I don't understand how each of the JMH modes works? Or did I configure the SingleShotTime mode incorrectly?

This is what JMH produces when running the task:

> Task :lib:runBenchmark
# Detecting actual CPU count: 8 detected
# JMH version: 1.37
# VM version: JDK 19.0.1, OpenJDK 64-Bit Server VM, 19.0.1+10-21
# VM invoker: /opt/jdk-19.0.1/bin/java
# VM options: -Dfile.encoding=UTF-8 -Duser.country=US -Duser.language=en -Duser.variant
# Blackhole mode: compiler (auto-detected, use -Djmh.blackhole.autoDetect=false to disable)
# Warmup: <none>
# Measurement: 1 iterations, 1 s each
# Timeout: 10000 ms per iteration
# Threads: 8 threads
# Benchmark mode: Single shot invocation time
# Benchmark: org.kepocnhh.jmh.FooBenchmark.fooBenchmark

Solution

TL;DR: You've configured JMH to execute the benchmark with more than one thread. Remove the -t=max argument from the command line.

Solution

You're right that SingleShotTime will have each thread execute the benchmark method only once per iteration. All other currently available modes are time-based; they will have each thread execute the benchmark method as many times as possible within the configured amount of time.

Your problem, based on your output, is the number of threads. From your comment, you're configuring that via command line arguments with -t=max. A value of max means to use as many threads as there are processors. In your case that's 8 threads. That's how many threads execute the benchmark method concurrently in a single iteration.

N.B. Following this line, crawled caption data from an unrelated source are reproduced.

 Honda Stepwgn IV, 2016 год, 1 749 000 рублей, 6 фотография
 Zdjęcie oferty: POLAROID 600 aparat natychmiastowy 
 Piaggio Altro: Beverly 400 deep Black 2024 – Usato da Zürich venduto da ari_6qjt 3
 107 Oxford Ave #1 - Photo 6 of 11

You probably only want one thread. That's the default value, so you should be fine just removing the -t argument. You can also configure the number for threads with the @Threads annotation. Note command line arguments take precedence over annotations.

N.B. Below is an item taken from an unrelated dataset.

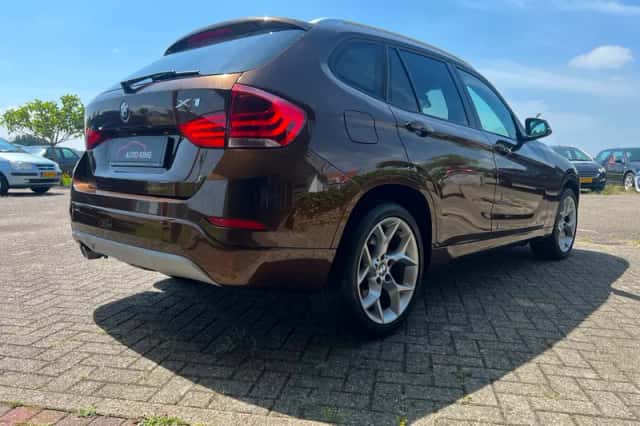 BMW X1 (2013) thumbnail 4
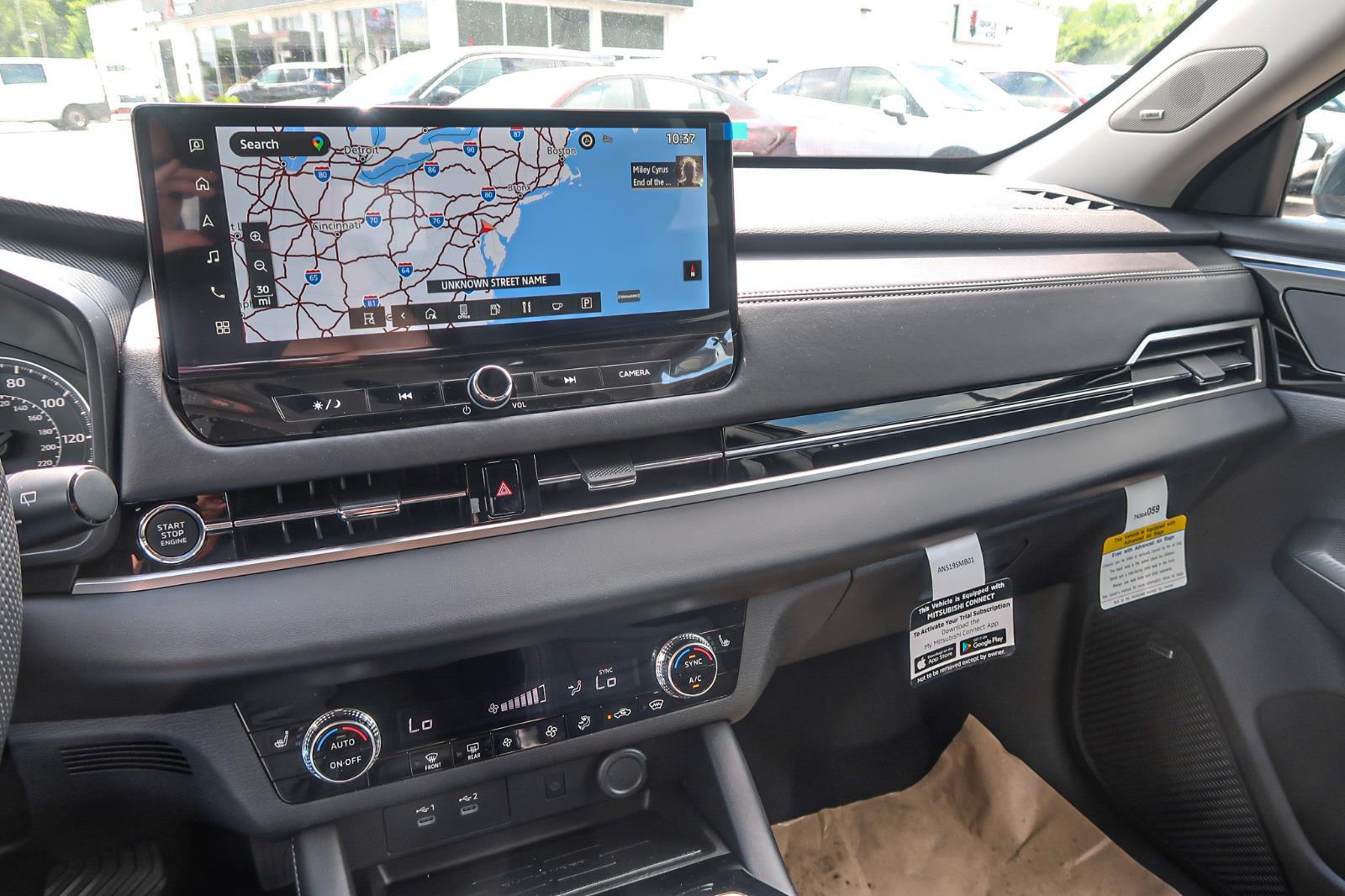 2025 Mitsubishi Outlander SE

Additional Info - How JMH Executes a Benchmark

Since your general understanding of how JMH executes a benchmark seems incomplete to me, a typical flow of JMH looks like the following:

Benchmark
- Mode and other params
  - Warmup fork (if any)
    - Warmup iteration (if any)
      - Invoke method (operation)
    - Repeat "warmup iteration" as many times as configured
    - Measurement iteration
      - Invoke method (operation)
    - Repeat "measurement iteration" as many times as configured
  - Repeat "warmup fork" as many times as configured
  - Measurement fork
    - Warmup iteration (if any)
      - Invoke method (operation)
    - Repeat "warmup iteration" as many times as configured
    - Measurement iteration
      - Invoke method (operation)
    - Repeat "measurement iteration" as many times as configured
  - Repeat "measurement fork" as many times as configured
- Repeat "mode and other params" for all combinations of modes and params
Repeat "benchmark" for each selected benchmark

Some configurations may change that flow (e.g., "warmup mode", groups, etc.).

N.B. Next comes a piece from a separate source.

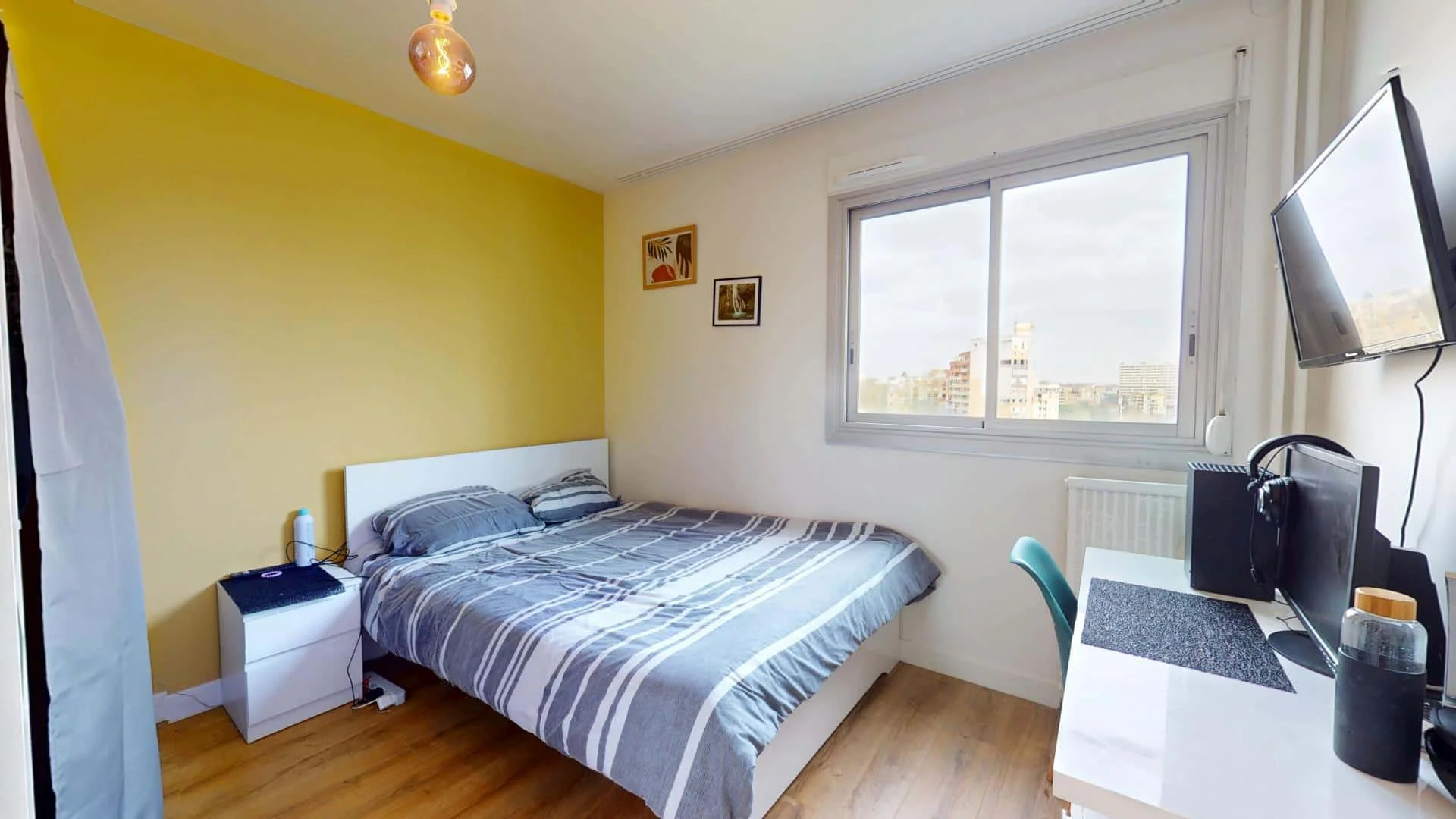Economical student room with convenient location in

The benchmark method will be invoked once when the mode is SingleShotTime. It will be invoked as many times as possible within the configured duration for all other modes. Note that time is a "minimum". The last operation of an iteration may cause the iteration to go longer than the configured duration (expected behavior). If an iteration takes too long then it will be interrupted after a configurable timeout.

During an iteration, a benchmark method will be invoked by one or more threads. By default it will be one thread. If multiple threads, they will invoke the benchmark method concurrently. The number of threads can be configured via the @Threads annotation.

The number of forks can be configured via the @Fork annotation. The value element controls how many measurement forks there will be. The warmups element controls how many warmup forks there will be. All results from a warmup fork, including the results of its measurement iterations, will be ignored.

The number of warmup iterations and their duration can be configured via the @Warmup annotation. The results of warmup iterations are ignored.

The number of measurement iterations and their duration can be configured via the @Measurement annotation.

All these things can be configured via the command-line or programmatically as well.